Besides this, there is circumstantial evidence. For starters, early lab studies found baloxavir had better effects on viral load and biologic markers than Tamiflu. But that only matters when it translates into people feeling better or being safer, which didn’t happen. This probably surprised and dismayed company researchers, who—like the literati of medical evidence—surely know that Tamiflu is a failed drug.
So when baloxavir failed, they changed the narrative: “It’s as good as Tamiflu—yay!”
And sadly, most flu ‘experts’ are experts in virology, but not evidence. So when the red flag appeared—a failed superiority trial dressed up as success—they did what seven-year-olds do when asked to see through frosted glass.

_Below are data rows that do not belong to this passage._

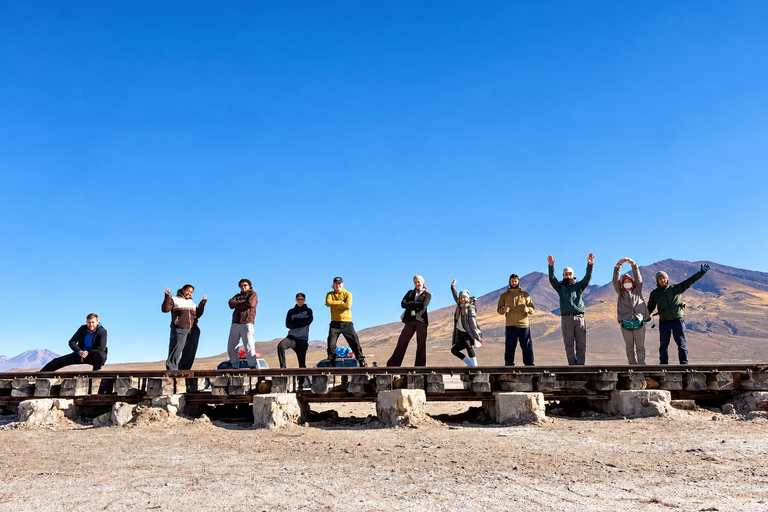 Uyuni Salt Flats & Colorful Lagoons: 3-Day Journey Uyuni Tour with Local Spanish Driver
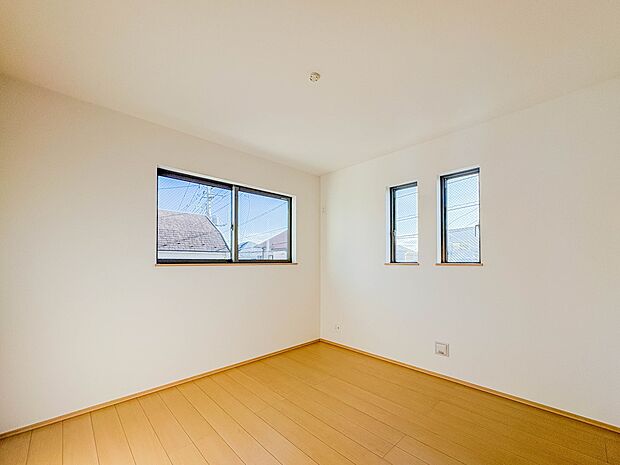 【子供部屋6.06帖】お子様のお部屋にぴったりなクロークを備えたフローリング仕様の洋室です。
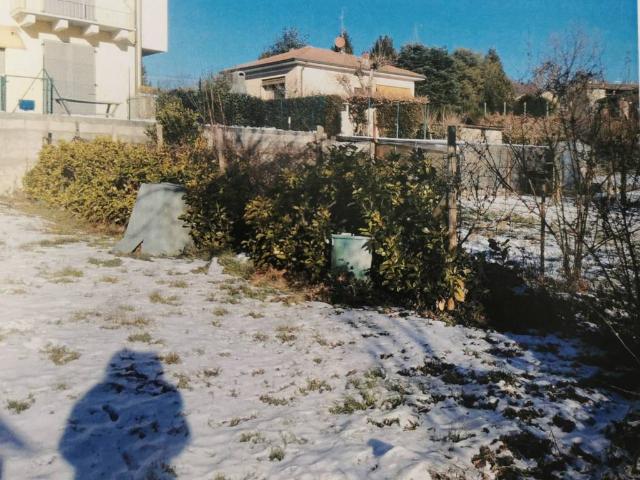 Terreno in vendita a Montano, Montano Lucino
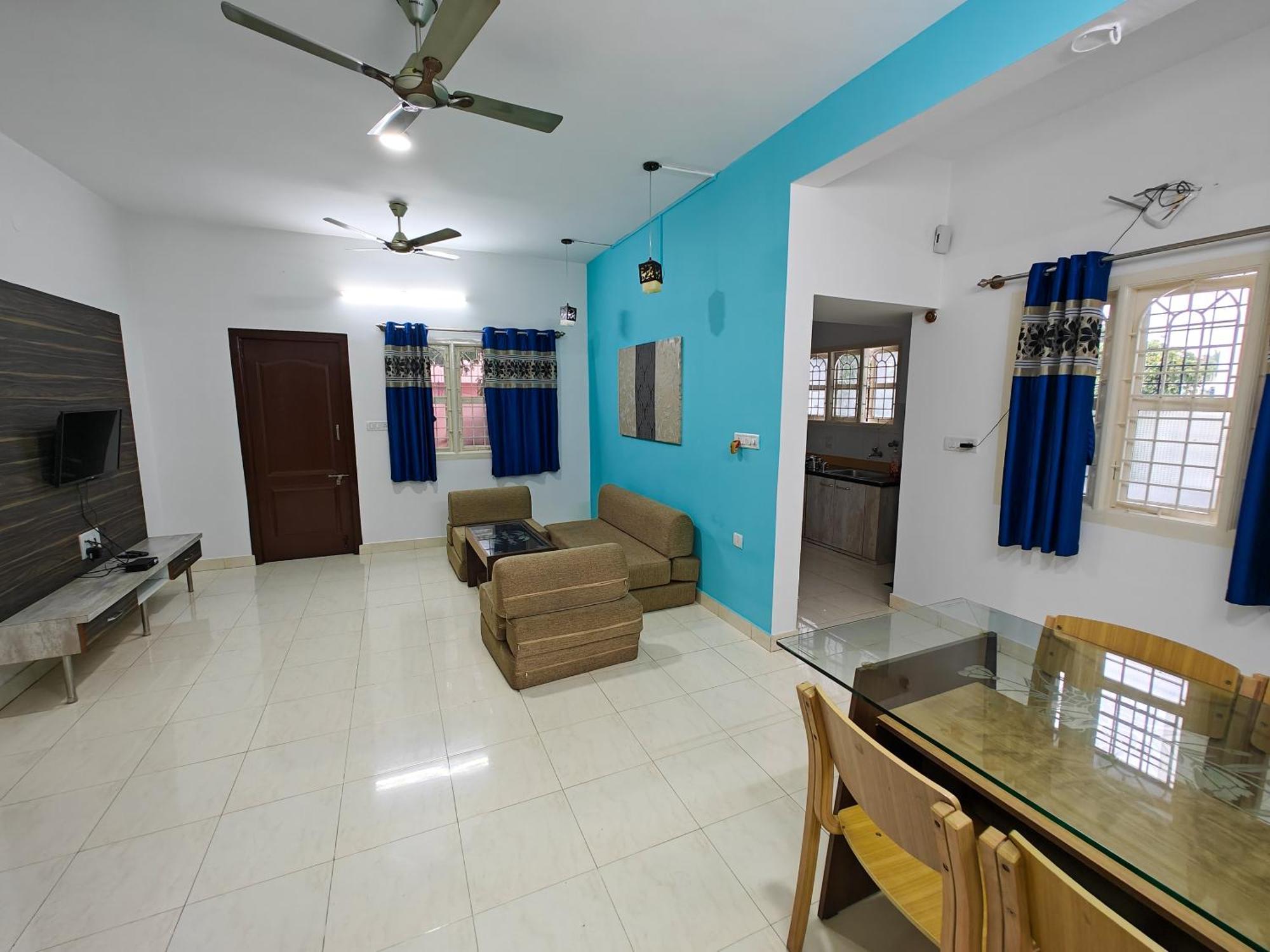 Sampada Homestay Bangalore Bagian luar foto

They squinted, nodded, and missed the shot.
Tamiflu is a failed drug. Now we know baloxavir is too. Moreover, both represent a profound risk to public health, because both must be started within two days of first symptoms. If everyone with a sniffle runs immediately to their doctor, or ER, or clinic—resources already dangerously over-burdened—people in dire need of these resources will be harmed.
So as I’ve written and podcasted about before, if you want one day’s relief from the flu, try silicon nasal sprays. They’re better, safer, and cheaper, and they’re over-the-counter.